ライブハウス周辺には、逃げ出してきたスタッフ数名と、大量のアイドルたちがいた。特に、何人かのアイドルはびいびい泣いていて、ネオププのイライラは高まっていく。

大衆炭酸ドリンクの珍妙な衣装に身を包んだゴルバチョフ嬢の狼狽は特にひどく、キンツーを困らせた。首に怪我をしたようで、駆けつけた救急隊員による治療を受けているところだ。
退廃した官僚システムにおいても、救急医療のインフラは迅速だったりして、人民の気質のあらわれでもある。

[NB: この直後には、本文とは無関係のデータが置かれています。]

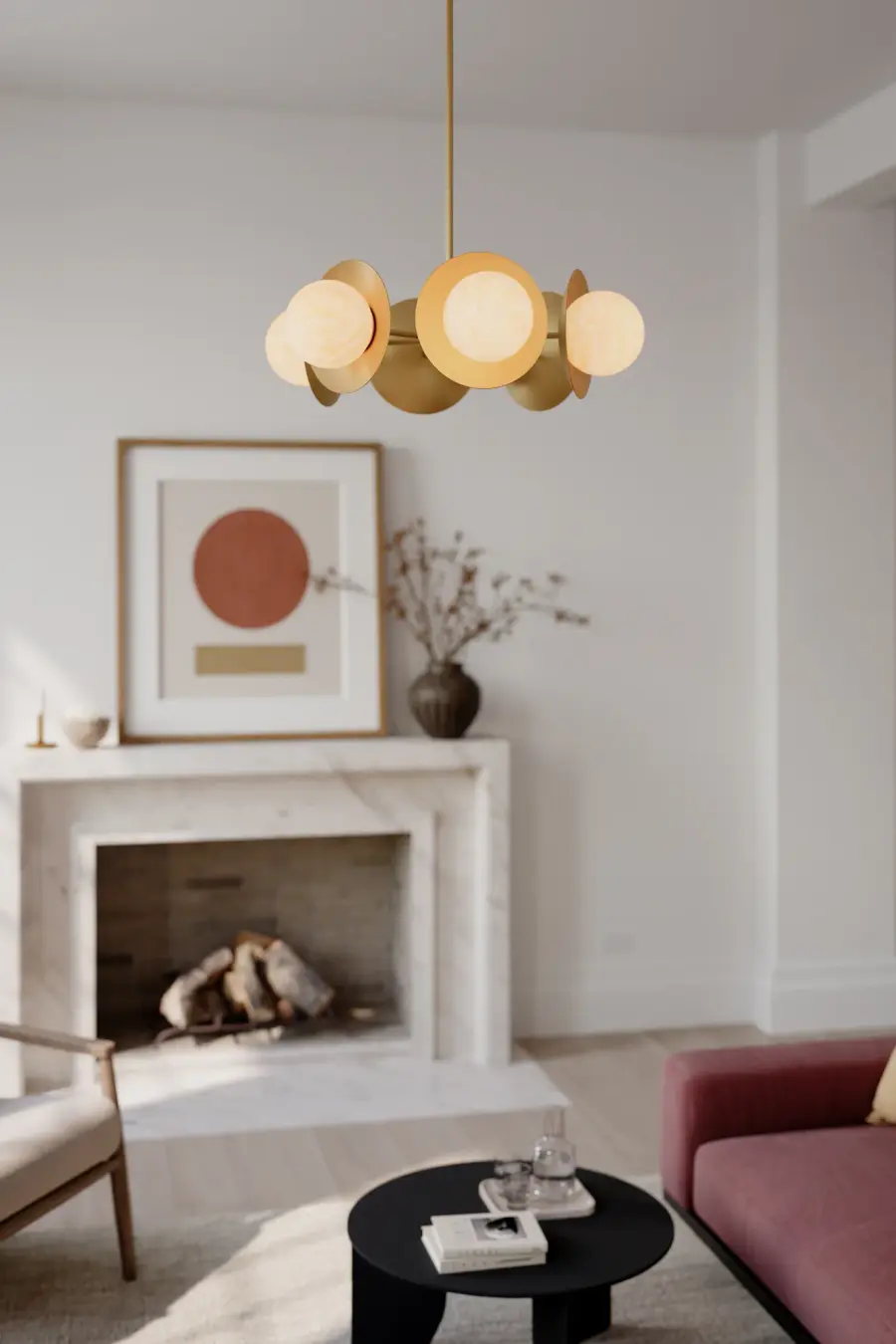 Olenne 28" 6-Light Pendant in Legacy Brass - Image 2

「えぐっえぐっ、私たちがぁ、アンディWOWホル音頭を踊っていたらぁ、えぐっ」
「ハラショー」
「えぐっ、オタクさんたちがぁ、突然白豚にぃ、えぐっ」
「ハラショー」
「えぐっ、いやァ、白くてまぶしくなっちゃってぇ」
「ハラショー」
「それデェ、首がぁ、こんな痛くなっちゃってぇ、えぐ。ぴええええええん」

「にゃにゃにゃにゃー!!! いつまでも泣いてんじゃないだわよ! あーうっさいうっさいうっさい!」

「ヒィンっ!」

再びの恐怖に体を振動させるG嬢。
「まぁまぁ、彼女は怪我もしているんですし……首は大丈夫ですか?」

包帯のすきまからは、リング状の青白い痣がみえる。
チョーカーの形をした、一生残る傷は、彼女のコンプレックスとして、人間形成に大きな影響を与えてゆくのだろうか。
G嬢が背負う十字架となり、重くのしかかるのか。
服装で無理やり隠したり、人の目を見て話せなくなったり……

キンツーは自己顕示欲を拗らせたあはれな少女に同情もしてみたりして、するどい目を細めたが、ネオププは気にしない。

「にゃ、何が起きたのよ、話してみなさいよ。どうせ野蛮な仮面の男たちがあらわれたんでしょ?」

「ピエ、私の首を化け物が締めてきて、でもなんか変な顔をした彼はドロップキックをしてきて、エグッ、でもなんかずっと白いスモークで、あんまよくわからなくて、痛くて、でもピエ!」

「…………やはり彼らですかね」
「にゃ。もういいわよ。これ以上情報はなさそうね。オタク野郎もどうせ、ツァイトガイストになっていたのなら、時間の無駄無駄。撤収にゃ」

「……ハラショーしました。嬢、ありがとうございます。首、おしゃれですよ」
少しは気遣いのできる、繊細さはキンツーの持ち味だ。


ツァイトガイスト現象の結末は、精神の自殺。
外傷のない、突然死体を発見することになる。

……今夜の歌舞伎デレヴニヤに、死体はみあたらなかった。